>>>>
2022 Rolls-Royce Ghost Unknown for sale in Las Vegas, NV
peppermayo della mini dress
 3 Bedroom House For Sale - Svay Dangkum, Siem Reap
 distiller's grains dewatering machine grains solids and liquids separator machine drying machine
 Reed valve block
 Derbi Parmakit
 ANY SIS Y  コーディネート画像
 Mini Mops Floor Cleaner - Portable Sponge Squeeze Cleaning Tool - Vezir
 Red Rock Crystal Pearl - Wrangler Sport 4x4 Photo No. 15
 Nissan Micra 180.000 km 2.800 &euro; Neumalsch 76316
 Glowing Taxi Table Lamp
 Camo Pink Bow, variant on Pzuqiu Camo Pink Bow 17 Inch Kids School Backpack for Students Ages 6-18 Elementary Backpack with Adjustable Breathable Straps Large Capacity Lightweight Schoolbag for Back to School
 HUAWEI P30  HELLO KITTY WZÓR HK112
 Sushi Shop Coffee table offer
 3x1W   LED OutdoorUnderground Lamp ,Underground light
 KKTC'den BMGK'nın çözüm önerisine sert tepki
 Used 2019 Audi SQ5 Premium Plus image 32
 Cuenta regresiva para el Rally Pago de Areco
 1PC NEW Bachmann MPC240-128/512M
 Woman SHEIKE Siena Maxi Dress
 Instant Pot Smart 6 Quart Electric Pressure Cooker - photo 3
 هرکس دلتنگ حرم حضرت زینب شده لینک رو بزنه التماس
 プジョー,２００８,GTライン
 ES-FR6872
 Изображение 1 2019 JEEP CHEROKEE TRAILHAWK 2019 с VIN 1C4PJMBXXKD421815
<<<<
Exercise details:
Give back exactly the lines of the listing above that run from the line with "distiller's grains dewatering" to the line with "KITTY WZÓR HK112", inclusive.

Task output:
 distiller's grains dewatering machine grains solids and liquids separator machine drying machine
 Reed valve block
 Derbi Parmakit
 ANY SIS Y  コーディネート画像
 Mini Mops Floor Cleaner - Portable Sponge Squeeze Cleaning Tool - Vezir
 Red Rock Crystal Pearl - Wrangler Sport 4x4 Photo No. 15
 Nissan Micra 180.000 km 2.800 &euro; Neumalsch 76316
 Glowing Taxi Table Lamp
 Camo Pink Bow, variant on Pzuqiu Camo Pink Bow 17 Inch Kids School Backpack for Students Ages 6-18 Elementary Backpack with Adjustable Breathable Straps Large Capacity Lightweight Schoolbag for Back to School
 HUAWEI P30  HELLO KITTY WZÓR HK112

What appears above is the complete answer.